Algorithmically the main problems faced by someone designing a system to do this are occlusions (e.g. someone covering a DVD cover with their thumb as they hold it) and transformations (e.g. skewed camera angle, or a product that’s rotated in the frame)
There are a number of techniques to solve these problems, (e.g. the SIFT and SURF algorithms) most of which involve using repeatable methods to find key points or patterns within images, and then encoding those features in such a way that is invariant to rotation (i.e. will still match when upside-down) and an acceptable level of distortion. At query-time the search algorithm can then find the images with the most relevant clusters of matching keypoints.

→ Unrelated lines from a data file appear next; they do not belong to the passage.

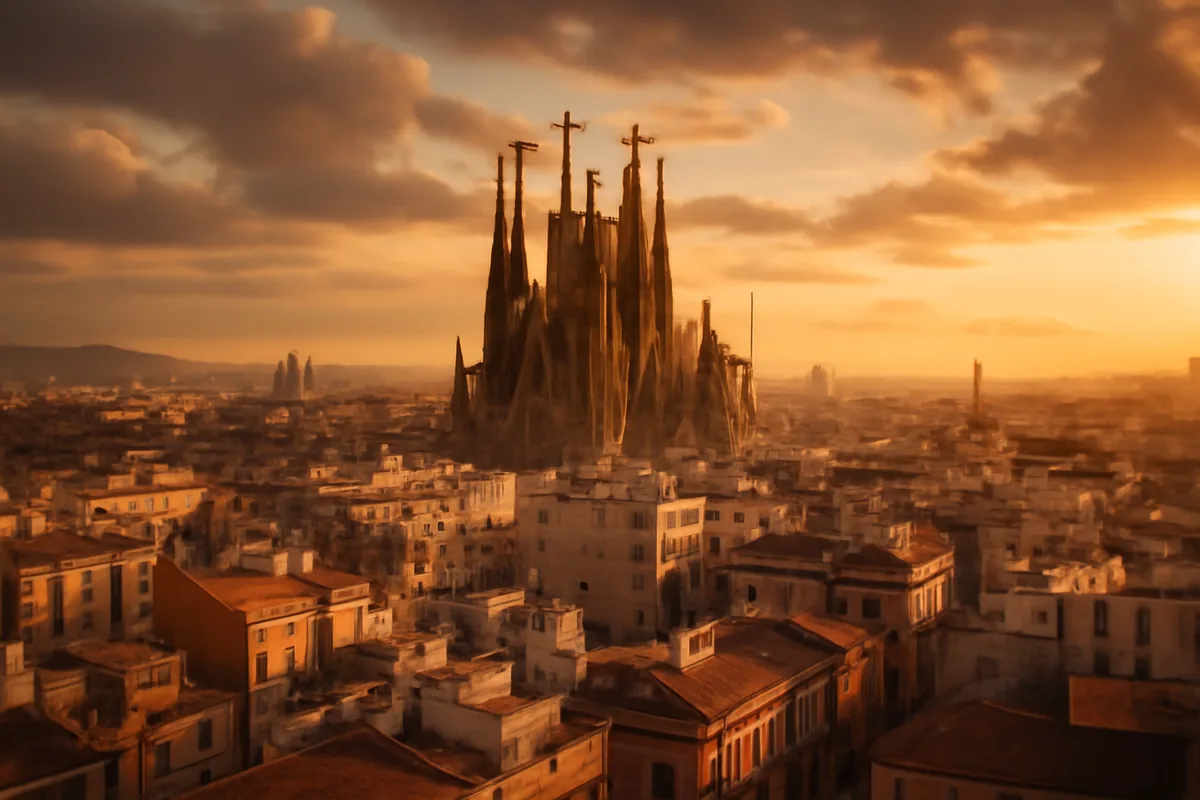Aerial view of Barcelona's skyline at golden hour with the Sagrada Familia cathedral prominently rising above the city's rooftops under a warm amber sky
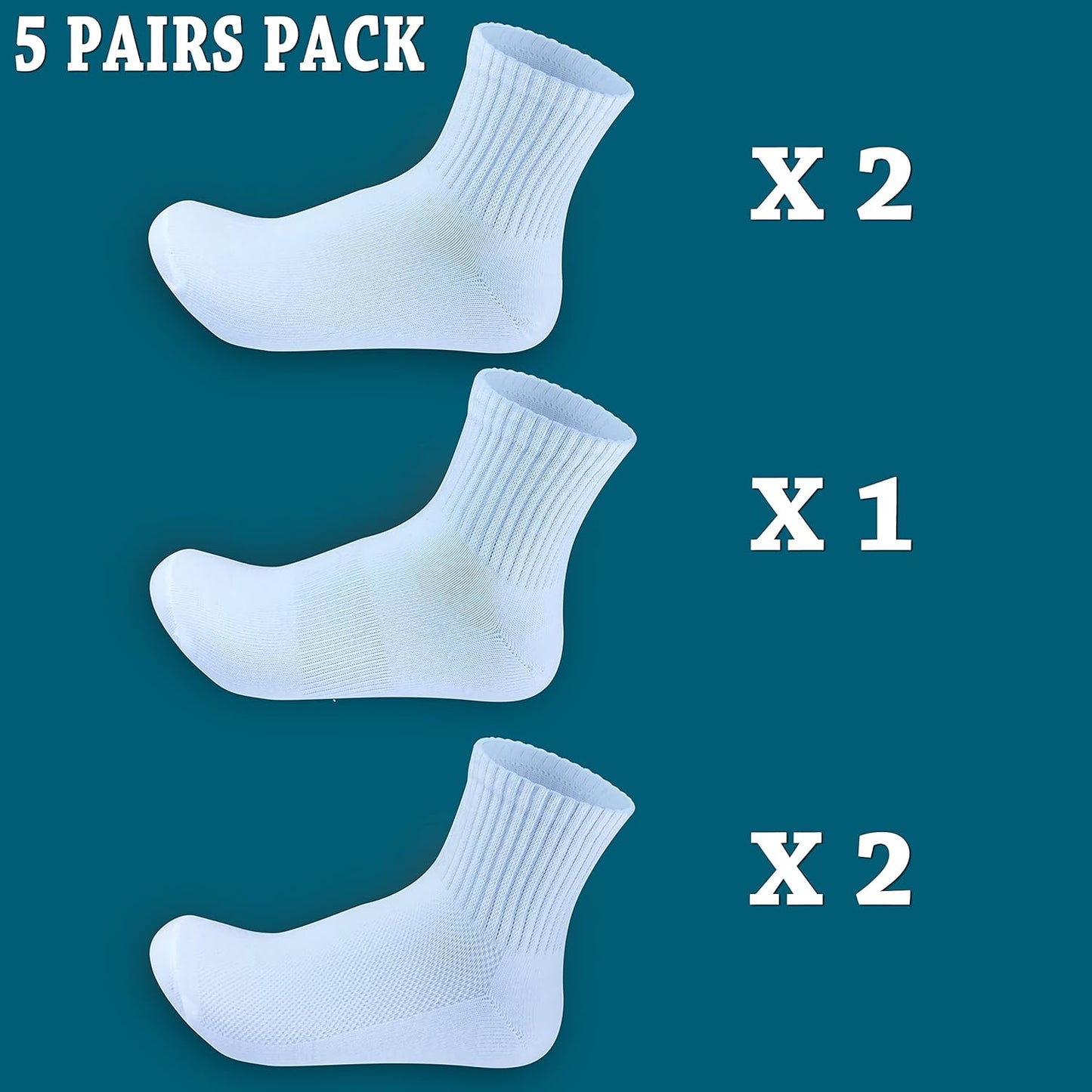 Girls White Short Crew - Comfort Welt Socks 5 Pairs Pack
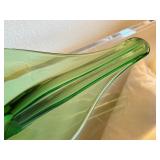 Vintage Mid Century LE Smith Green Glass Centerpiece with Unique Shape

It seems like Snaptell have mastered a version of these techniques. When I tested the app’s behaviour (using my copy of Lucene in Action) I chose an awkward camera angle and obscured around a third of the cover with my hand and it still worked perfectly. Well done Snaptell.
Monday 19th January, 2009
The hyperlink revolution allowed text documents to be joined together. This created usable relationships between data that have enabled one of the biggest technological shifts of the recent age… large scale adoption of the internet. Try to imagine Wikipedia or Google without hyperlinks and you’ll see how critical this technique is to the web.
We’re on the verge of another revolution, this time in computer vision.
Imagine a world were the phone in your pocket could be used to find or create links in the physical world. You could get reviews for a restaurant you were standing outside without even knowing its name, or where you were. You could listen to snippets of an album before you bought it, or find out where nearby has the same item for less. You could read about the history of an otherwise unmarked and anonymous building, get visual directions, or use your camera phone as a window into a virtual game in the real world.
A team at the university of Ljubljana (the J is pronounced like a Y for anyone unfamiliar) have released a compelling video demonstrating their implementation of visual linking. They use techniques that I assume are derived from SIFT to match known buildings in an unconstrained walk through a neighbourhood. These image segments are then converted into links to enable contextually relevant information.
When you combine this with other other techniques, such as the contour-based work being done by Jamie Shotton of MSR and you start to see how that future will appear. Bring in the mass adoption of GPS handsets driven by the Iphone amongst others and it’s pretty clear there’s going to be a change in the way people create and access information.
The only questions are who, and when.
Wednesday 15th October, 2008
I’ve just noticed that we now have job specs for the positions we’re looking to fill.
The office is on Portobello Road in west London. We’re playing with some cutting-edge technology, in a positive and enthusiastic environment, so if you’re looking or have any questions then get in touch.
Tuesday 23rd September, 2008
Building an image search index takes quite a lot of processing power. Apart from all the usual mucking about that building a regular search index entails, you also have to download, resize, and analyse all the images that you want in your index. That analysis itself will consist of many different tasks, usually including the use of visual features to analyse colour, texture, shape, etc. and the use of classifiers to recognise specific objects.
Canadian visual search outfit Incogna have taken an interesting approach to image processing, from what I can tell building their image search indexes using massively parallel GPUs. Asking around the team, that technique has anecdotally produced some very successful tests, so I’ll be keeping an eye on these guys in future.